Zuckmayers Studium der vom Verlag herbeigeschafften Akten kann nicht sehr intensiv gewesen sein. Er folgte wohl weitgehend den Zeitungsberichten des Jahres 1906. Die Lebenserinnerungen Wilhelm Voigts kannte er angeblich nicht. Sie wären aber auch eine unzuverlässige Quelle gewesen, sind sie doch, wie Winfried Löschburg 1978 in seinem Buch "Ohne Glanz und Gloria" gezeigt hat, ein Fabulierstück ersten Ranges. Denn tatsächlich ging es Voigt nicht um einen Pass, sondern um zwei Millionen Mark, von denen er gehört hatte, dass sie im Köpenicker Rathaus im Panzerschrank lägen. Schon Hans Hyan befand in seinem Vorwort, das Voigt "seine Taten in reinerem Licht" geschildert habe, als es eigentlich erlaubt sei, doch als "kriminelles Dokument" bliebe sein Text trotzdem von "hohem Wert".

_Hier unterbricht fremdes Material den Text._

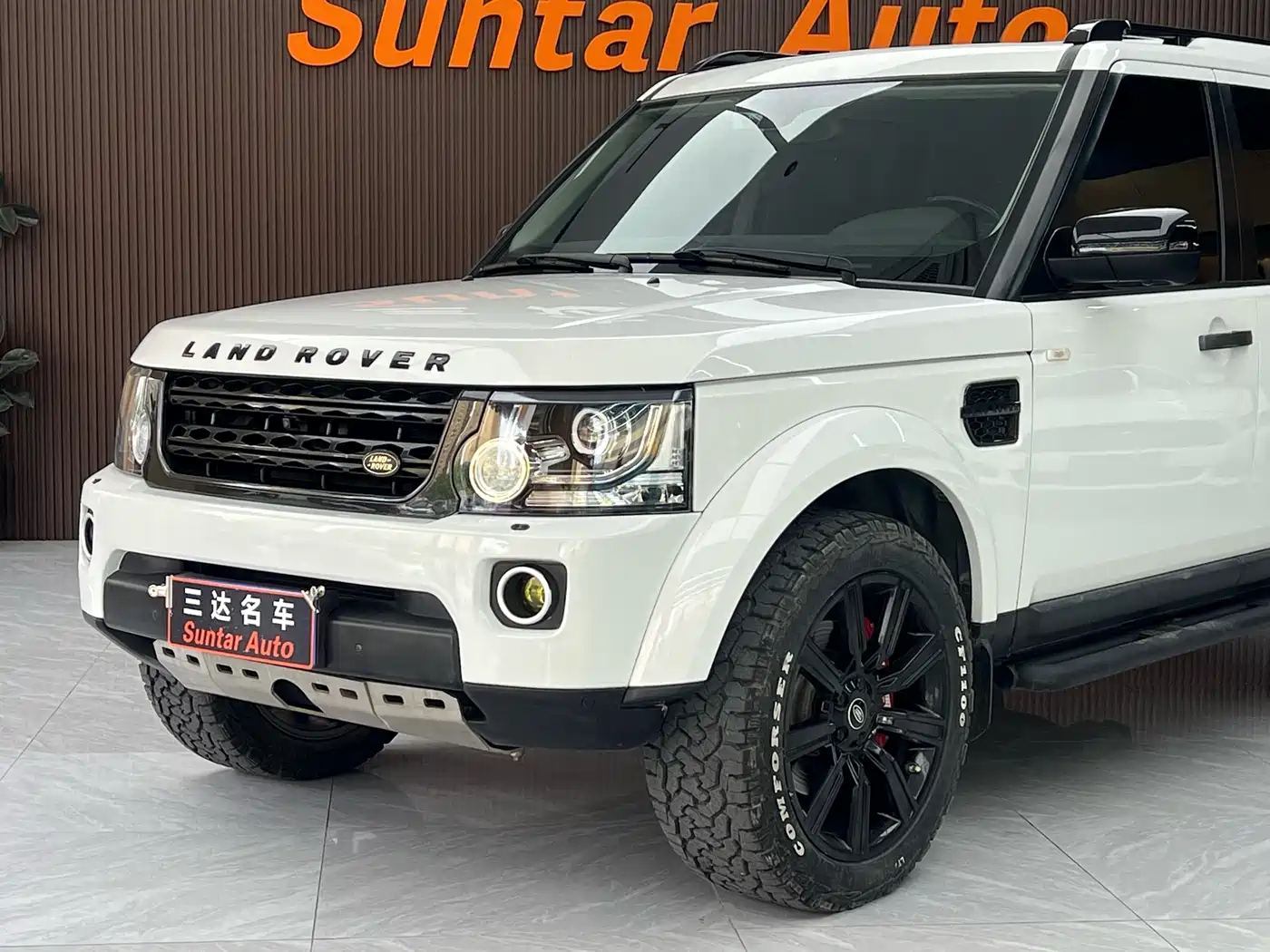Land Rover Discovery 2012 5.0 V8 HSE фото 9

Leider ohne dieses Vorwort, dafür mit einem Nachwort von Ludwig Lugmeier und ergänzt um eine Chronik, haben Werner Labisch und Jörg Sundermeier Voigts Lebenserinnerung aus Anlass des 100. Jahrestages der Köpenickiade neu herausgegeben. Niemand als Lugmeier ist geeigneter, diesen Fall noch einmal zu kommentierten, schrieb er doch selbst mit spektakulären Raubüberfällen bundesrepublikanische Kriminalgeschichte und tourt, vertreten durch die Agentur "Tom Produkt", seit der Veröffentlichung seiner 2005 im Kunstmann Verlag erschienen Autobiografie "Der Mann, der aus dem Fenster sprang" durch Deutschland. Und selbstredend ist Voigts Buch in keinem anderen Programm besser aufgehoben als dem des Verbrecher Verlags, der allerdings auch (damit kein Missverständnis aufkommt, muss das gesagt sein) Titel von Gisela Elsner, Irmtraud Morgner und Dietmar Dath veröffentlicht.